The package was received by the foreign country in April 2020, although the FBI did not have access to it until December. The reason for the delay was not clear. The documents do not say whether the country that received the package turned it over to the FBI or whether the office obtained it through a secret source.

The FBI followed the package’s instructions and entered into an encrypted conversation, in which the sender offered Navy secrets in exchange for $ 100,000 in cryptocurrency.

During a series of exchanges, the FBI persuaded the sender to leave information at a standstill in exchange for cryptocurrency payments. The FBI then observed Mr. Toebbe and his wife, Diana Toebbe, at the site of the fall in West Virginia.

With Ms Toebbe acting as a lookout, Mr Toebbe left an SD card hidden inside a half peanut butter sandwich in a plastic bag, according to court documents. After the undercover agent retrieved the sandwich, Mr. Toebbe received $ 20,000.

Officers then set up another dead drop in Pennsylvania and a third in Virginia, where they said Mr. Toebbe dropped off an SD card concealed in a packet of gum.

While working at the Bettis Atomic Power Laboratory, a little-known government research center in West Mifflin, Pa., Mr.

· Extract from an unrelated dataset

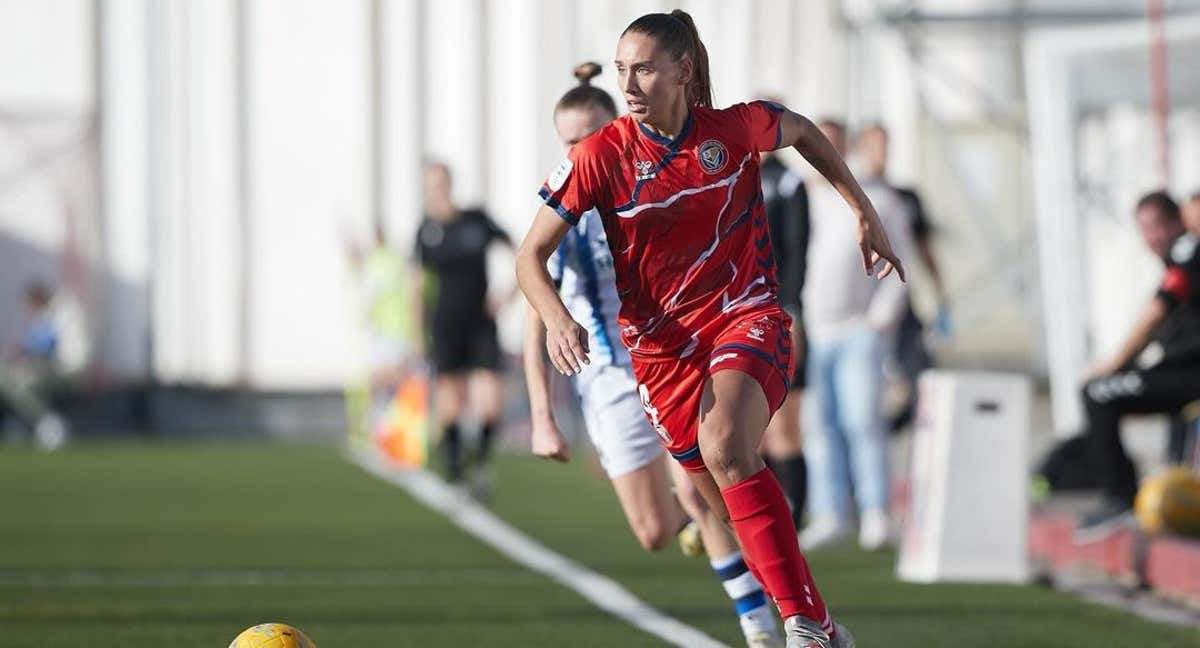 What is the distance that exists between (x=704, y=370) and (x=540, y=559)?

Toebbe is said to have had access to documents he is accused of passing on to the undercover FBI officer.

Many details of the exchange were redacted in court documents, but there was a reference to scale drawings and maintenance details. The FBI cited a memo, the affidavit of which suggests was written by one of the Toebbes, saying the information “reflects decades of” lessons learned “from the US Navy that will help ensure security of your sailors “.

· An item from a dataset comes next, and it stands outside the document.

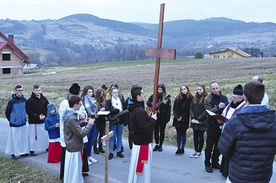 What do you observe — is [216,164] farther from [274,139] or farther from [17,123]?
[17,123]

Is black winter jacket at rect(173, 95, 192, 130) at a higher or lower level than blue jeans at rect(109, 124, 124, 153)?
higher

The secrets of submarines have been part of spy games for generations. Although the Cold War is long over, technology, if there is one, is more important than ever.

The ubiquity of imaging satellites and the proliferation of ship-killer missiles have led countries to favor ships that can travel undetected and strike suddenly.

Diesel powered submarines tend to be noisy and can only stay underwater for a few weeks at most; their nuclear equivalents can remain submerged for months. Australia agreed in 2016 to buy a fleet of diesel submarines from France, but with the project running behind schedule and going over budget, it tried to improve the deal to get nuclear-powered ships. When Paris refused to share its secrets, Australia turned to Britain and the United States.

The FBI and the Naval Criminal Investigative Service arrested Jonathan and Diana Toebbe on Saturday. They will appear in federal court in Martinsburg, W.Va., on Tuesday.

The Toebbes live in a middle class neighborhood in Annapolis, Maryland. Neighbors said a dozen black SUVs took to their streets shortly after 1:15 p.m. on Saturday. Agents poured in and knocked on the door of the Toebbes’ two-story house. Finally, around thirty agents were present.

Several of them spent hours rummaging through Toebbes’ Mini Cooper, removing its seats and other components. Officers also interrupted a neighbor who was having a birthday party across the street to ask questions about the couple.

Neighbors said officers stayed in the house until around 9 or 10 pm, apparently taking pictures; lightning could be seen through the windows.

Few of the neighbors wanted to officially talk about the family, but several said the Toebbes were distant, more likely to ignore the waves than to send them away.

Jerry LaFleur, who shares a garden fence with the couple, said he sometimes waved to Mr. Toebbe, but the only time they spoke was when Mr. LaFleur asked permission to cut the weeds on Mr. Toebbe’s fence side.

“He looked like a nice, ordinary guy, nothing that would make me think twice,” Mr. LaFleur said.

According to neighbors, the Toebbes have two children, who briefly returned home on Sunday to collect items. Ms. Toebbe teaches humanities at Key School, a private neighborhood school known for its progressive philosophy. The school said on Sunday it had been suspended indefinitely.

Julian E. Barnes reported from Washington, and Brenda Wintrode from Annapolis, Md. Adam goldman and Eric schmitt contributed to Washington reporting.